End of an Era

Aug 12, 2009 16:53

A woman I worked with for 4 years, Madge, passed this weekend.  She started working there the year I was born(for those keeping track, 35 years ago.)  Since then, she had been a keystone of the community.  She was fastidious and had high expectations of everyone but, at the same time, could exude love and caring.

One of my fondest memories of her was when she was about to leave me in charge of the Meetinghouse for a Talent Show.  She told me the alarm code, all the rules, how to turn off the lights, etc.  I thanked her and held my hand outstretched for the keys and she just kept staring at me as if she was forgetting something.  She held out the keys but was not relinquishing them.  I smiled and said,"No wild parties mom, I promise."  Her face transformed itself into a smile as she let go.
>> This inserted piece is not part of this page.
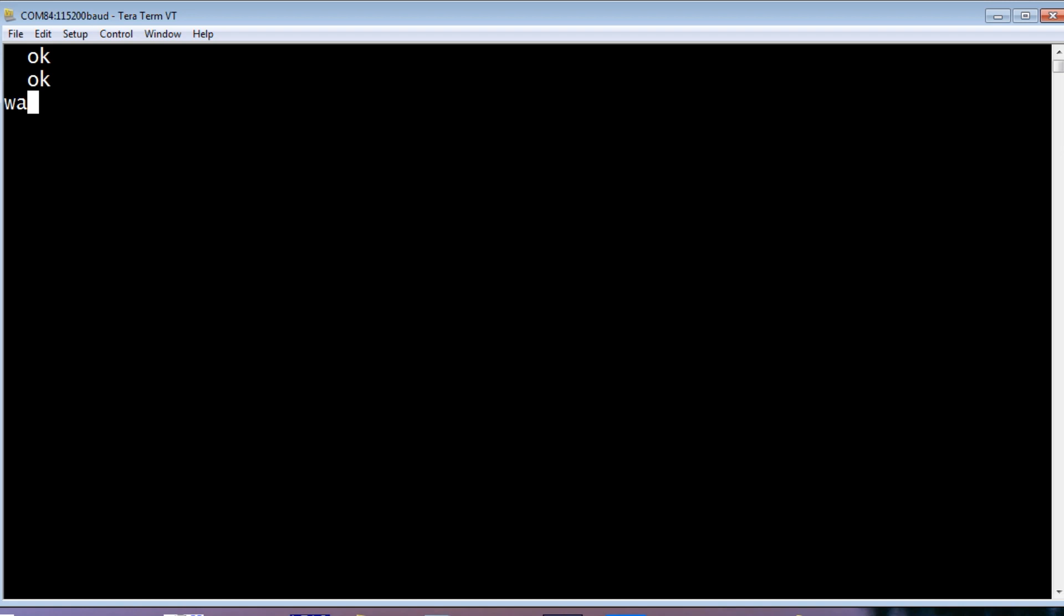If I type warm, that will do a warm reset. And there's FlashForth which is running on the Pro Micro. And the microcontroller is ATmega32U4.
I always wanted to please her.  After all of the events I was responsible for I would clean and then look the place over thinking, "Madge will be relieved when she sees how much care I took."  Every light I turned out, every thermostat I turned down (or up) before leaving, every window I checked was, in part, for her.

The school is a part of the meeting and they were both a part of her.  You saw it in the responsibilities she would take, the gentle reminders to turn the copier's toner to low, the endless cups of peppermint tea, the years and years of service above and beyond the call of duty.  She was the one we turned to for the answers, she was the one we knew would be there, no matter what.

And suddenly, without warning, she isn't.

She did everything right.  She ate right, she exercised, she took health seriously and lived life simply, but fully.  A heart attack? WTF?

My connection to her was not a tremendously strong one so why am I mourning her so hard?  I've searched myself for the answer to that one and the best thing I can come to is this...

With Madge, I feel like there is so much that should have been.  She had an honest and peaceful life dedicated to the service of others and just retired.  If things made sense she should have had many more years to enjoy with her devoted husband and family.  But, things don't make sense and I start thinking of other things that should have been but never will.

Ahhhhh....depression.  *sigh*

So, after the mourning there is the rest of the day.  Knowing Madge, she would want us all to live it....as long as the toner setting is on low and the lights are turned off when everybody leaves.